Captioned web image data:
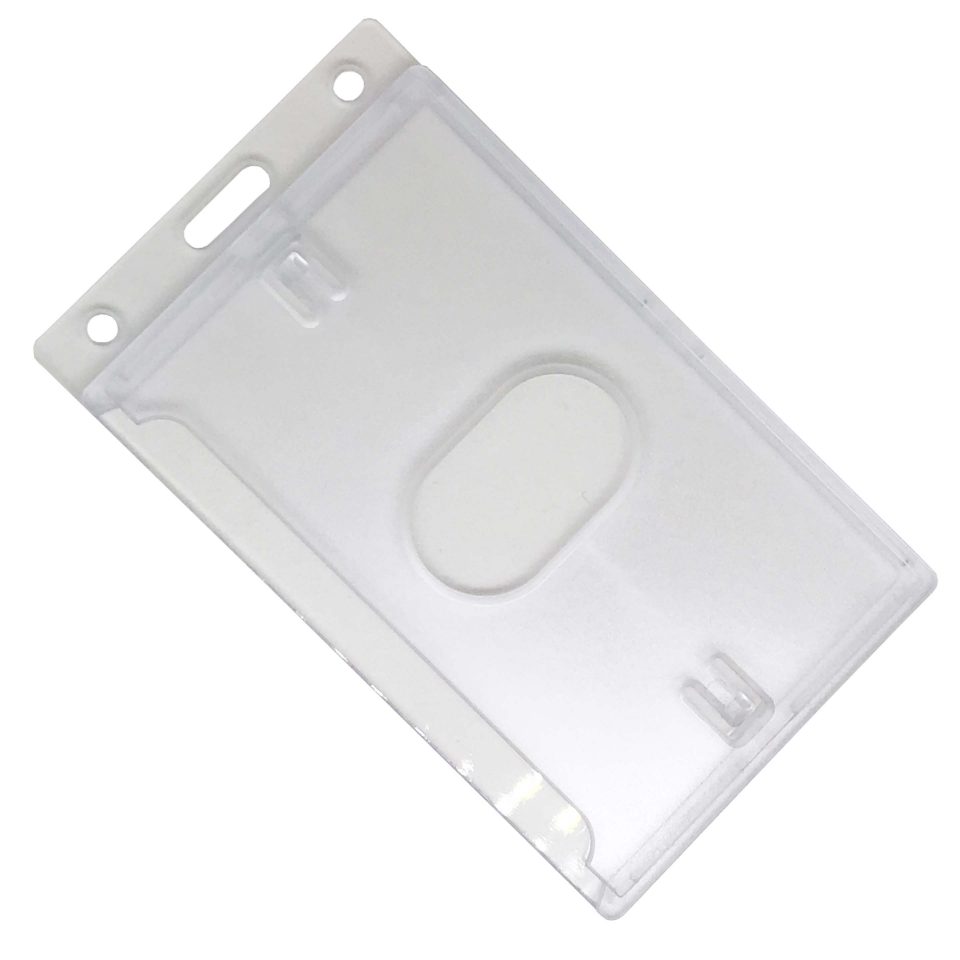 Enclosed ID Badge Holder Portrait Lowest Price from PCL Media ltd
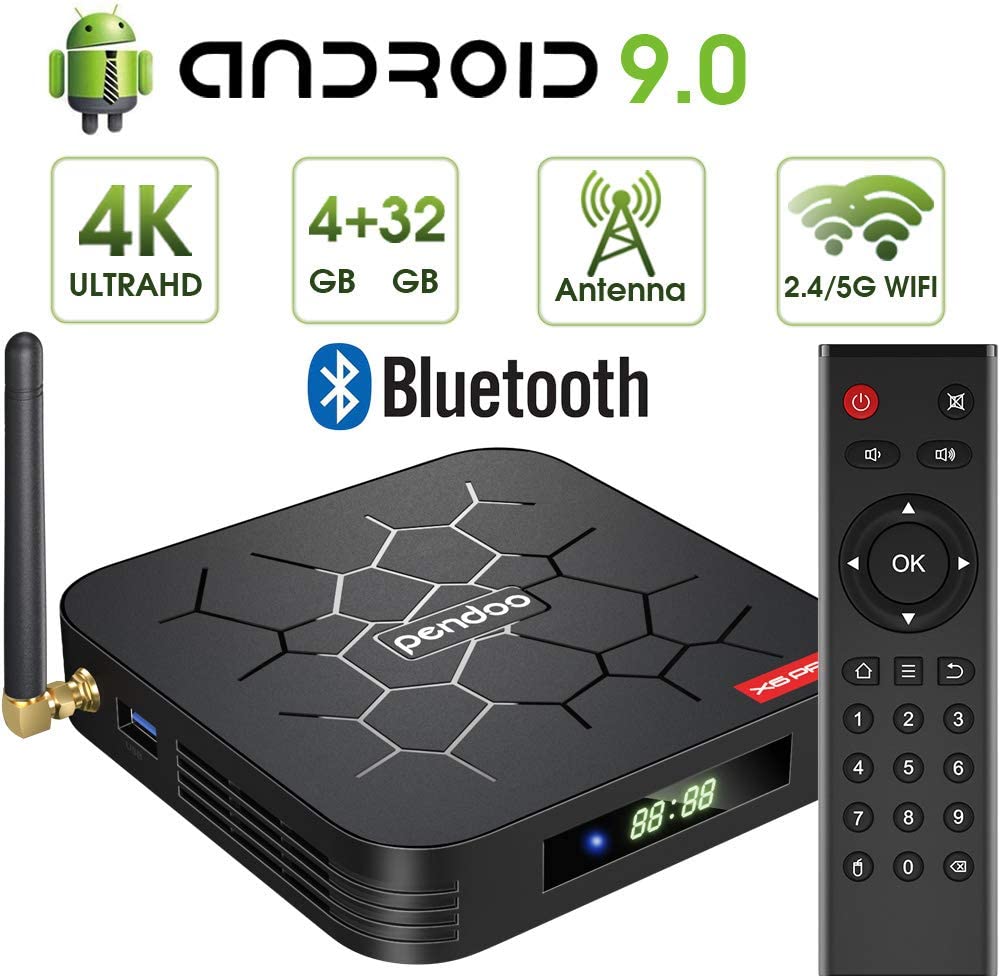 Unique Design Android TV Box for Amlogic Soc with Android 9.0 Kodi IPTV Set  Top Box - China TV Box, Android TV Box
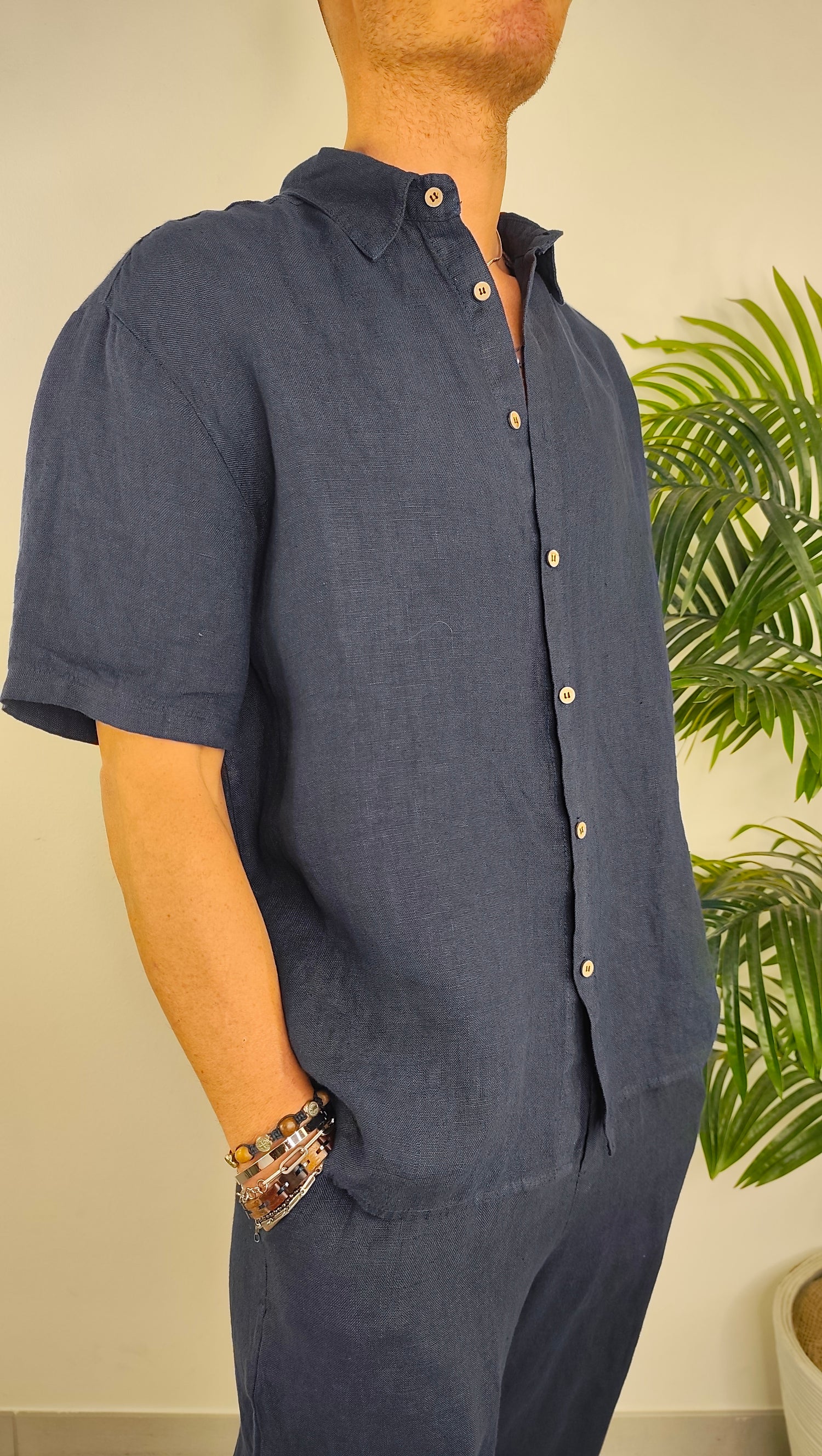 Camicia Completo Over Lino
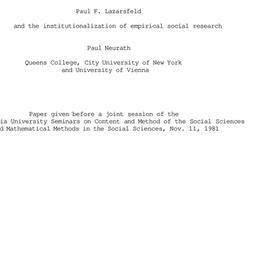 Speaker's paper, 1981-1...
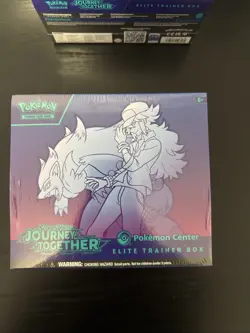 Pokemon TCG Journey Together Pokemon Center Exclusive ETB - Image 1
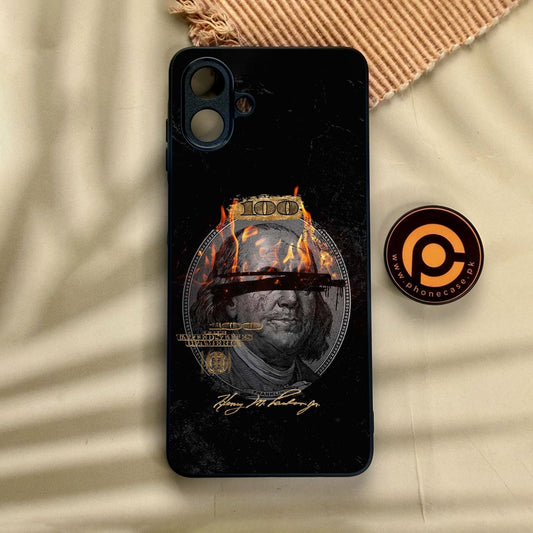 Samsung Galaxy A07 - Dollar Design 10 - Premium Metal Printed Soft Bumper Shock Proof Case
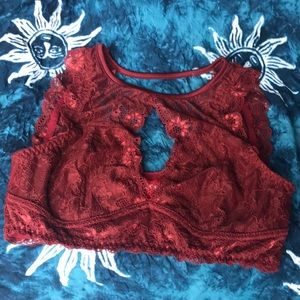 Sexy red bralette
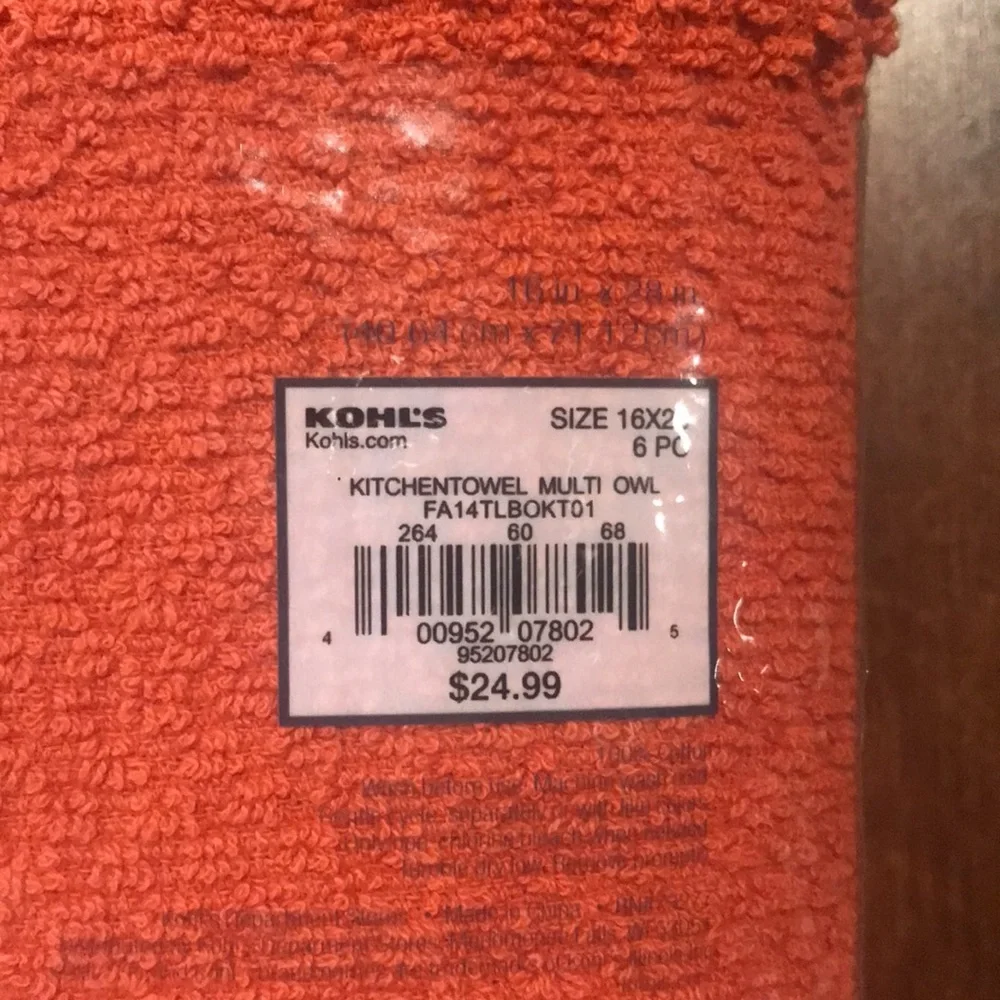 Towels Fall Owl Kitchen Hand Towels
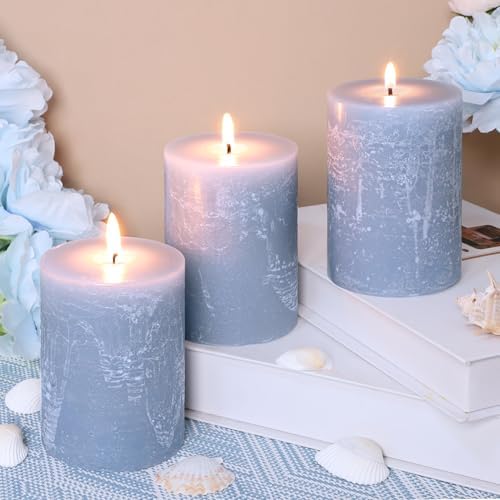 Ocean Scented Candles 3x4 inch - 35+ Hours Long Clean Burning Smokeless & Dripless Hand-Poured Aromatherapy Candle for Home Bathroom Decor - Image 6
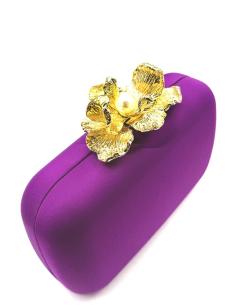 BOLSO MORADO CON CIERRE ORQUIDEA PARA MADRINAS | BODAS OTOÑO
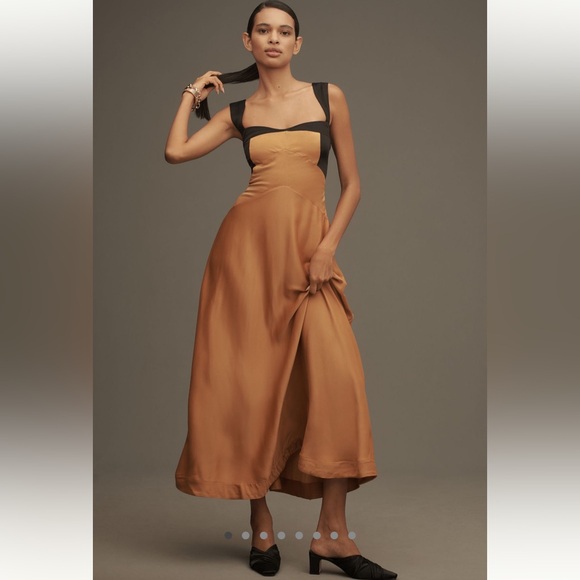 The Jocelyn Sleeveless Slip Midi Dress by Maeve - Picture 1 of 13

» **TASK TO CARRY OUT**
Reproduce exactly the lines of the entries above from the first through the line with "Towels Fall Owl Kitchen Hand Towels", both included; pictures should not be reproduced.

» **YOUR SOLUTION**
 Enclosed ID Badge Holder Portrait Lowest Price from PCL Media ltd
 Unique Design Android TV Box for Amlogic Soc with Android 9.0 Kodi IPTV Set  Top Box - China TV Box, Android TV Box
 Camicia Completo Over Lino
 Speaker's paper, 1981-1...
 Pokemon TCG Journey Together Pokemon Center Exclusive ETB - Image 1
 Samsung Galaxy A07 - Dollar Design 10 - Premium Metal Printed Soft Bumper Shock Proof Case
 Sexy red bralette
 Towels Fall Owl Kitchen Hand Towels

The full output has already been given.